▼

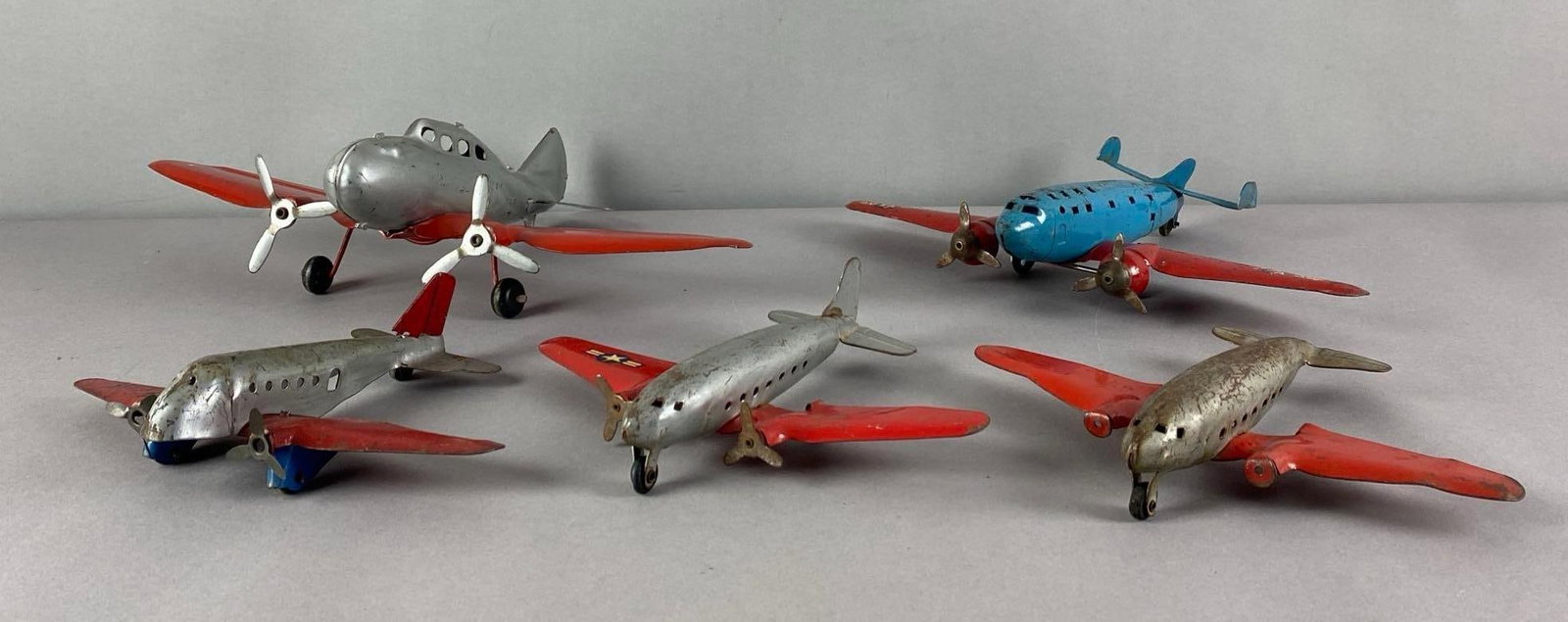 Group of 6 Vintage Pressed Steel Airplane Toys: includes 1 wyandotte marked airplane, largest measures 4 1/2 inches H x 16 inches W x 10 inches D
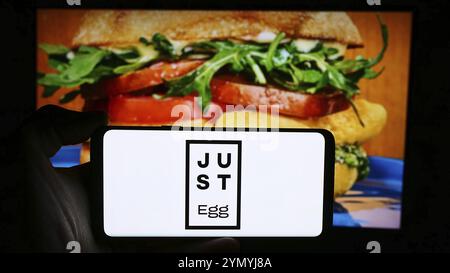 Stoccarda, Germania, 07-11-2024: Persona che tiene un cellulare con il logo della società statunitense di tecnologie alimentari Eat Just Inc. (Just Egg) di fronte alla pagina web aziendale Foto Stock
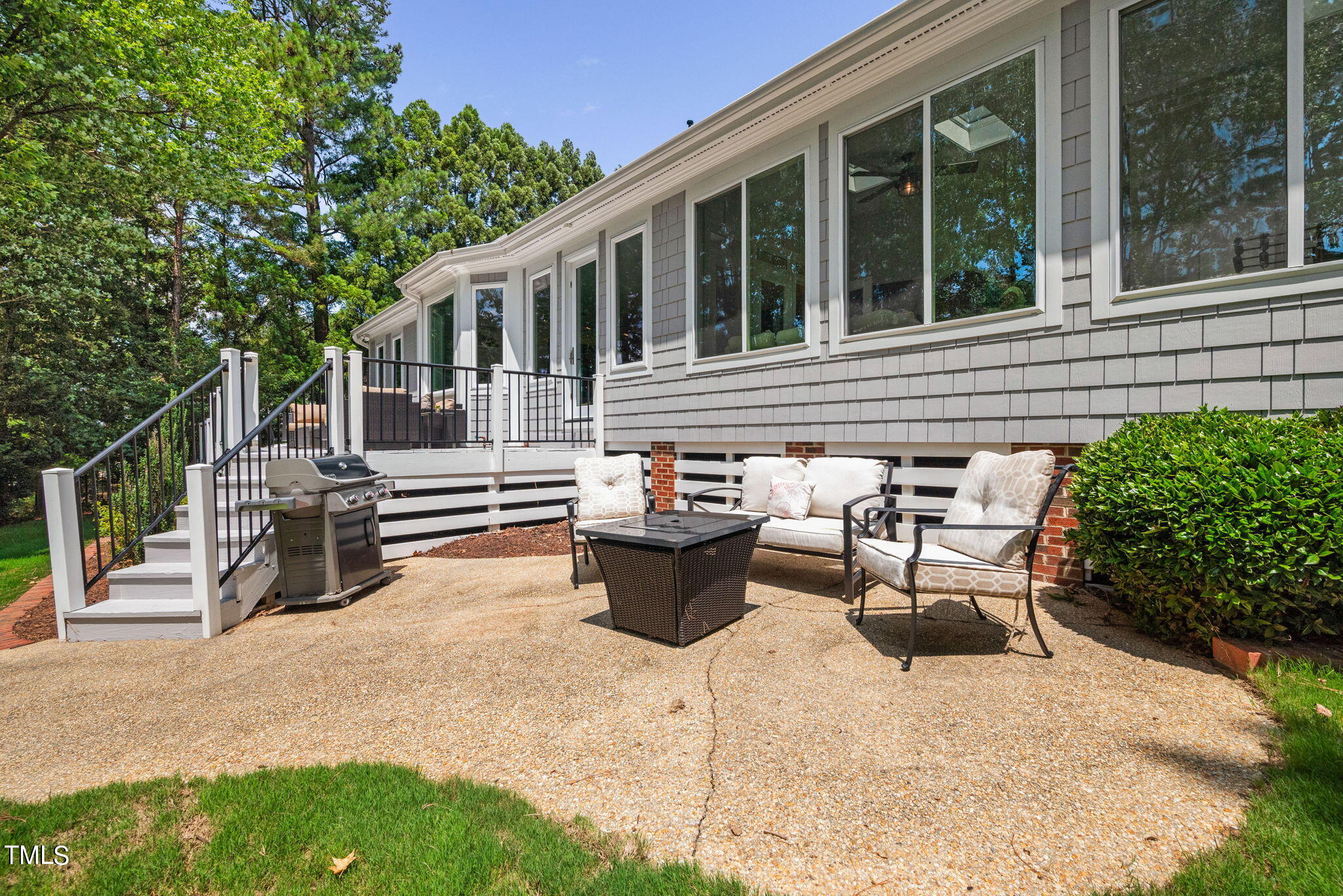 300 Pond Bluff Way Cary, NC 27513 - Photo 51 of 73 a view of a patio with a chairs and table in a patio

▲

Omit pictures and output the listing exactly.

--- WRITTEN SOLUTION ---
 Group of 6 Vintage Pressed Steel Airplane Toys: includes 1 wyandotte marked airplane, largest measures 4 1/2 inches H x 16 inches W x 10 inches D
 Stoccarda, Germania, 07-11-2024: Persona che tiene un cellulare con il logo della società statunitense di tecnologie alimentari Eat Just Inc. (Just Egg) di fronte alla pagina web aziendale Foto Stock
 300 Pond Bluff Way Cary, NC 27513 - Photo 51 of 73 a view of a patio with a chairs and table in a patio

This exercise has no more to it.